▸ **Directions**: The listing below holds pictures; exclude them. Return exactly the lines from the one with "Mars Gaming MC-GEO, Boîtier" through the one with "Réfrigérateur combiné Oscar".

▸ **Data excerpts**:
Start of Block

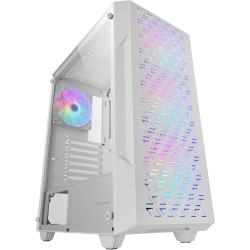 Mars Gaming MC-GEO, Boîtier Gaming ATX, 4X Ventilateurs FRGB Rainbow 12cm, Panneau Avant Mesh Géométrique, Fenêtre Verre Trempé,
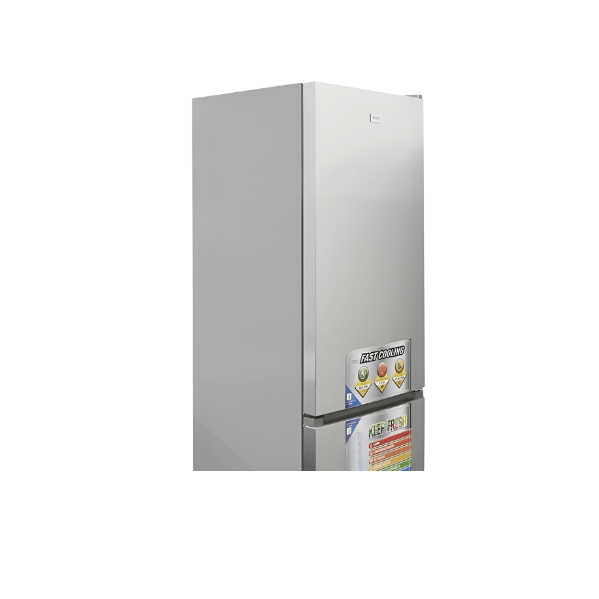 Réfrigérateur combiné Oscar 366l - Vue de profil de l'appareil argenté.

End of Block
Start of Block

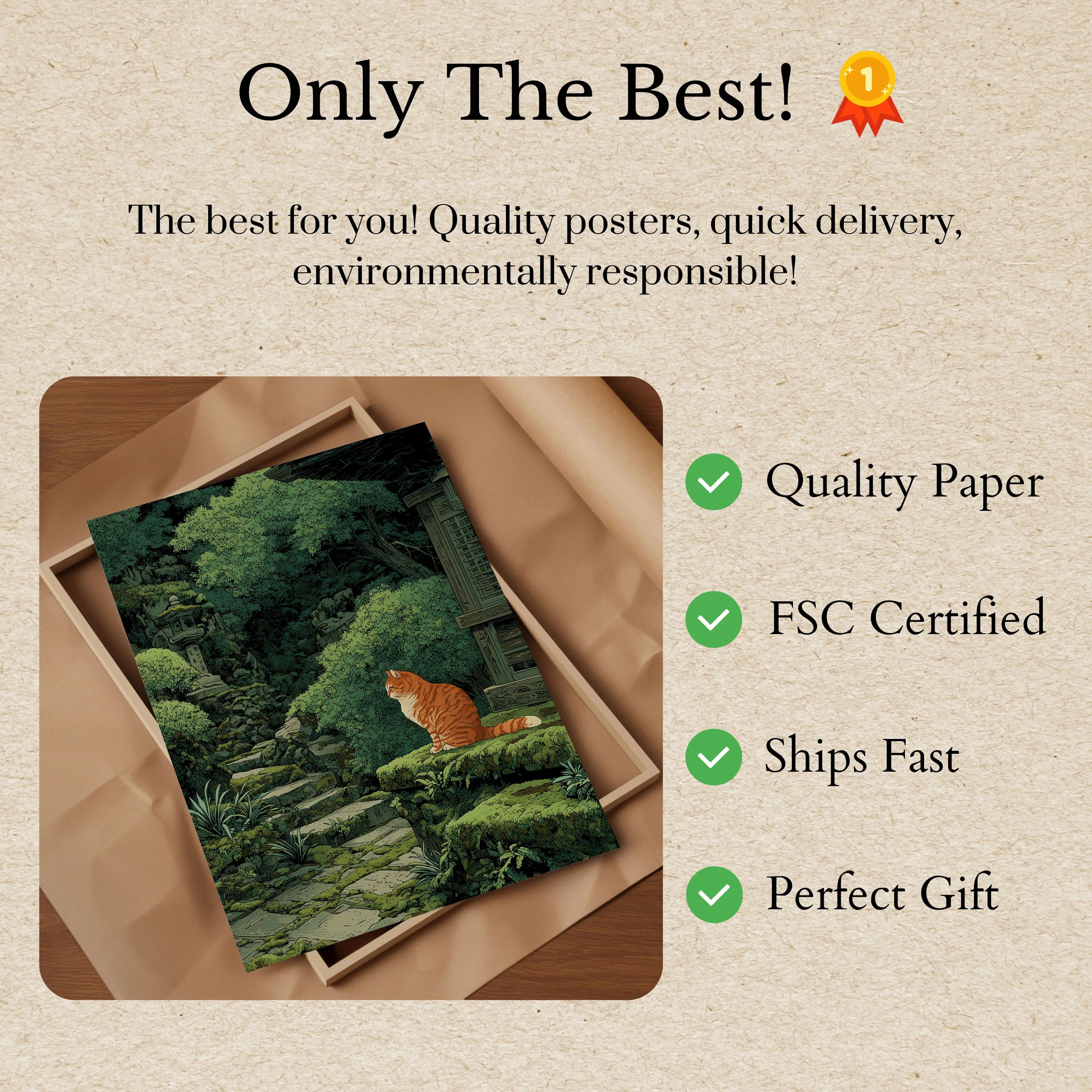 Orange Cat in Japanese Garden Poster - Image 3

End of Block

▸ **Answer to this problem**:
 Mars Gaming MC-GEO, Boîtier Gaming ATX, 4X Ventilateurs FRGB Rainbow 12cm, Panneau Avant Mesh Géométrique, Fenêtre Verre Trempé,
 Réfrigérateur combiné Oscar 366l - Vue de profil de l'appareil argenté.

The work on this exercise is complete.